Trapezoid ABCD is such that AB is parallel to CD and the diagonals intersect at point E...?
Triangle AEC's area is 20. Triangle CED is 50. What is the area of the entire trapezoid?
- Anonymous10 years agoFavorite Answer
you mean Triangle AEB, because AEC is a straight line...
We can prove the 2 triangles are similar by the alternate interior angle thereom and the opposite angles thereom.

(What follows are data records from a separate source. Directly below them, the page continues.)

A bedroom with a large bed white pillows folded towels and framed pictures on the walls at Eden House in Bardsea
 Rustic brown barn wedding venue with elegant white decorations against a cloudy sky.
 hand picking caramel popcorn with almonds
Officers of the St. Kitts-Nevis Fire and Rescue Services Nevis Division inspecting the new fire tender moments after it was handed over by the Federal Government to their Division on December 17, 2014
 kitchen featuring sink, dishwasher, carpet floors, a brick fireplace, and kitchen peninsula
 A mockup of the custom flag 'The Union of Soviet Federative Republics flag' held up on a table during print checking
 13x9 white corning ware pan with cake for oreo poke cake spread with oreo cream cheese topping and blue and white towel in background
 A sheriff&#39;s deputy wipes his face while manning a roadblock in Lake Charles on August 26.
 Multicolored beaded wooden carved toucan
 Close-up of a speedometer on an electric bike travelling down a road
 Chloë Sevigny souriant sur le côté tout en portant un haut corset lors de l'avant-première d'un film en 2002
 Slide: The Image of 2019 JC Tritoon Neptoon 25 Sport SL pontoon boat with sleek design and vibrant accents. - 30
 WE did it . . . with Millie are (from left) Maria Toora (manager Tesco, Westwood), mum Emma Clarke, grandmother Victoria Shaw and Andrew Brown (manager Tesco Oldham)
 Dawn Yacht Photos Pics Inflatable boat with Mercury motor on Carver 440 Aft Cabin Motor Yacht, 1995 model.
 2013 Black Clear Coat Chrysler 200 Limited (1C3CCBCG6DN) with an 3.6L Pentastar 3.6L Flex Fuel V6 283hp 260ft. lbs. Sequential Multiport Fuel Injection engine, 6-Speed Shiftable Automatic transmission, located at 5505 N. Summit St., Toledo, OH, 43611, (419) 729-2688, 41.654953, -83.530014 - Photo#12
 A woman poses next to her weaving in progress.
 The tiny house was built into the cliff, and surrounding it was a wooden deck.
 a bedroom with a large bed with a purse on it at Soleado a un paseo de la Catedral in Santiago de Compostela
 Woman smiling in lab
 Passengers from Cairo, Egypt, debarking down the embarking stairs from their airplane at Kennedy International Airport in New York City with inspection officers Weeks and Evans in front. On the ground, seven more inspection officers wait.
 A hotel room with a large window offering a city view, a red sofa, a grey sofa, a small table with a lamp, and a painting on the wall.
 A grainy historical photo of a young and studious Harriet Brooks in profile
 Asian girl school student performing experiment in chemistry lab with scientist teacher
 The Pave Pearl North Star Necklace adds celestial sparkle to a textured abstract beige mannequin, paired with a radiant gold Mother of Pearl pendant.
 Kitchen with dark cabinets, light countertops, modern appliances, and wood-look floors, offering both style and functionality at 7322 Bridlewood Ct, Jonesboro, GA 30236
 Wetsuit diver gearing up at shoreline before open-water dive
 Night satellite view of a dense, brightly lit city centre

the ratio of area of AEB : area of CED = 2 : 5
Let the base of triangle CEB be B, and its height be H
the base and the height of AEB multiply TOGETHER, must be 2/5 of CED
so the shorter base is √ (2/5) or √2 / √5 or √10 / 5 of B or B√10 / 5
the height of AEB would be H√10 / 5
Area of any triangle is bh/2, so BH = 100, while 10BH / 25 = 40
Area of a trapezoid is (b1 + b2) h /2
or (B + B√10/5) (H + H√10/5) / 2
= (BH + BH√10/5 + BH√10 / 5 + 10BH / 25)/2
= (100 + 100√10 / 5 + 100√10 / 5 + 40)/2
= (140 + 40√10) / 2
= 70 + 20√10
the total area is 70 + 20√10
- Anonymous10 years ago
Based on this description, Triangle AEC isn't actually a triangle... Points A, E, & C are collinear... Could you check to make sure this is typed correctly?